Ist ein Abbau der Flotte geplant?

Schönewald: Das ist mittelfristig das Ziel. Die Schiffe sind derzeit aber alle noch in einem guten Zustand, sodass aktuell lediglich bedingt Handlungsbedarf besteht. Wir wollen dennoch die Flotte reduzieren und nach und nach verjüngen. Nachdem die Einheiten der Feuerwehr ersetzt worden sind, sollen die der Polizei folgen.

Wie ist das neue Unternehmen personell aufgestellt?

Schönewald: Wir haben etwa 145 Mitarbeiter der HPA, die für die Flotte tätig sind. Als bisheriger Leiter des Flottenmanagements werde ich auch Mitglied der Geschäftsführung der Flotte Hamburg. Am 1. August 2017 übernimmt zudem Christopher Braun den Vorsitz der Geschäftsführung. Außerdem sollen voraussichtlich drei Mitarbeiter in der Verwaltung hinzukommen. Das ist in diesem begrenzten Umfang möglich, da alle Schiffe von Feuerwehr, Polizei und LSBG in Bareboat-Charter laufen, im Gegensatz zu den ehemaligen HPA-Schiffen. Wir müssen also kein zusätzliches Personal aufbauen, um diese Schiffe zu besetzen, aber auch keines abbauen.

Welche Ziele verfolgt die Flotte Hamburg?
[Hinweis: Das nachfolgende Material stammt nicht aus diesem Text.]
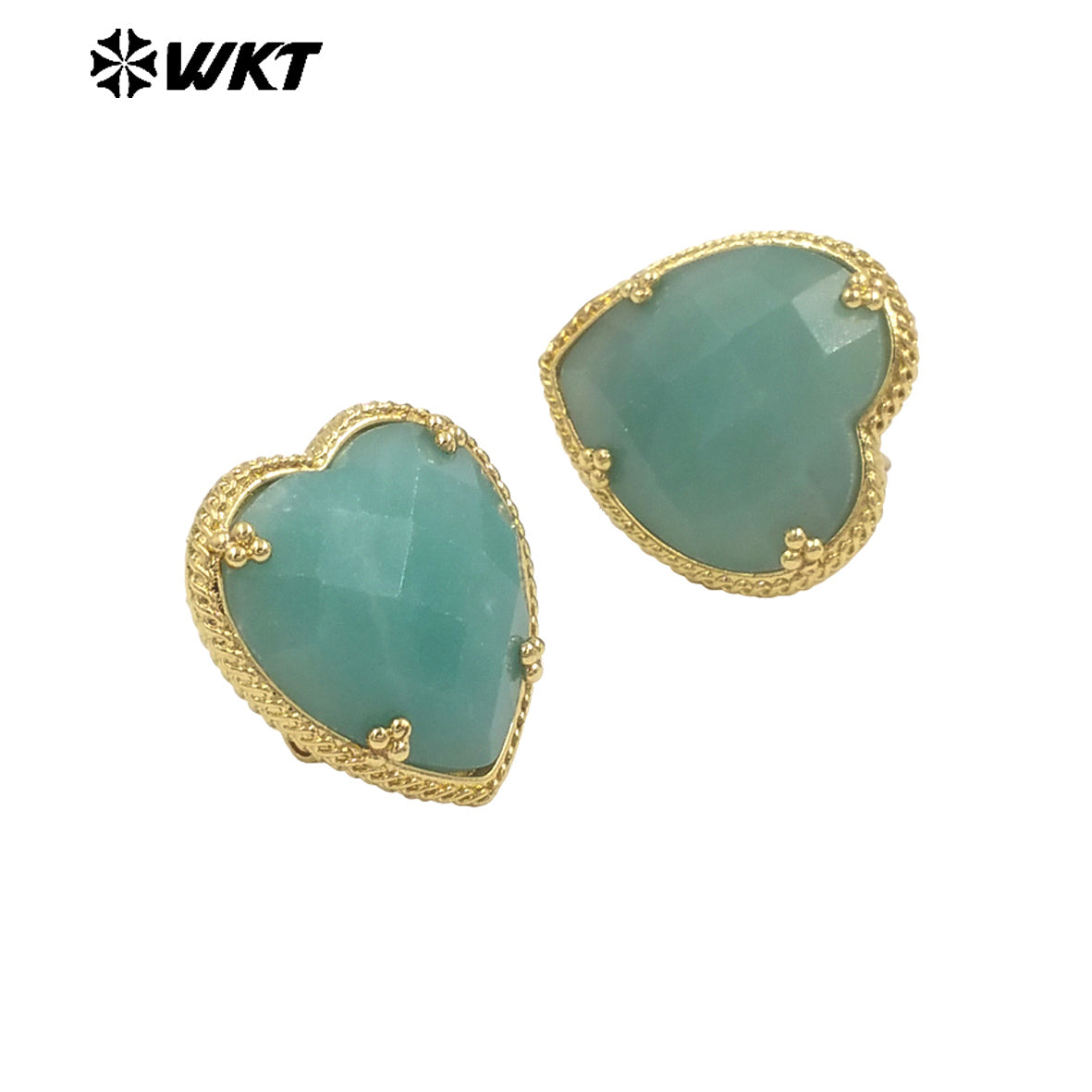 WT-E787 Newest Romantic Design Natural Gemstones Heart Studs Shape Amazonite Stone Gold Plated Women Lovely Jewelry Earrings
Schönewald: Wir wollen der Ansprechpartner für die Stadt Hamburg sein, zuverlässig, transparent und kostengünstig. Darüber hinaus treiben wir die Digitalisierung voran und verfolgen nachhaltig das Thema Emissionssenkung/Grüne Flotte.

Wie wollen Sie die Flotte möglichst umweltfreundlich betreiben?

Schönewald: Mit dem Beschluss zum Flottenmanagement gab es auch einen Bürgerschaftsbeschluss, dass die städtische Flotte emissionssenkende Technologien vorantreiben soll. Dafür haben wir zusammen mit dem DNV GL ein Fünf-Säulen-Konzept entwickelt: Die erste Säule ist mit »Innovativen Kraftstoffen« überschrieben. Damit ist in erster Linie GTL gemeint, aber auch HVO-Biodiesel. Die zweite Säule trägt den Titel »Abgastechnik«. Hier beschäftigen wir uns mit Stickoxid-Katalysatoren und Dieselpartikelfiltern bei Neubeschaffungen. Unser Anspruch ist es, dass alle Neubauten mindestens einen Stickoxid-Katalysator und Dieselpartikelfilter an Bord haben. Die dritte Säule hat das Thema »Abgastechnik als Nachrüstlösung«. Wir prüfen für die ganze Flotte Möglichkeiten für die Nachrüstung von Stickoxid-Katalysatoren und Dieselpartikelfiltern. Die vierte Säule heißt »Innovative Antriebskonzepte«. Für die beiden kleineren, in Planung befindlichen Feuerlöschboote gibt es bereits Überlegungen für einen Dieselhybrid-Motor, mit dem man auch elektrisch fahren kann. Wenn die Batterien mit Landstrom aufgeladen werden könnten, wäre man sogar komplett emissionsfrei. Wir haben auch die Vision, eine Barkasse vollelektrisch auszurüsten. Die fünfte Säule widmet sich dem »Emissionsarmen Schiffsbetrieb«.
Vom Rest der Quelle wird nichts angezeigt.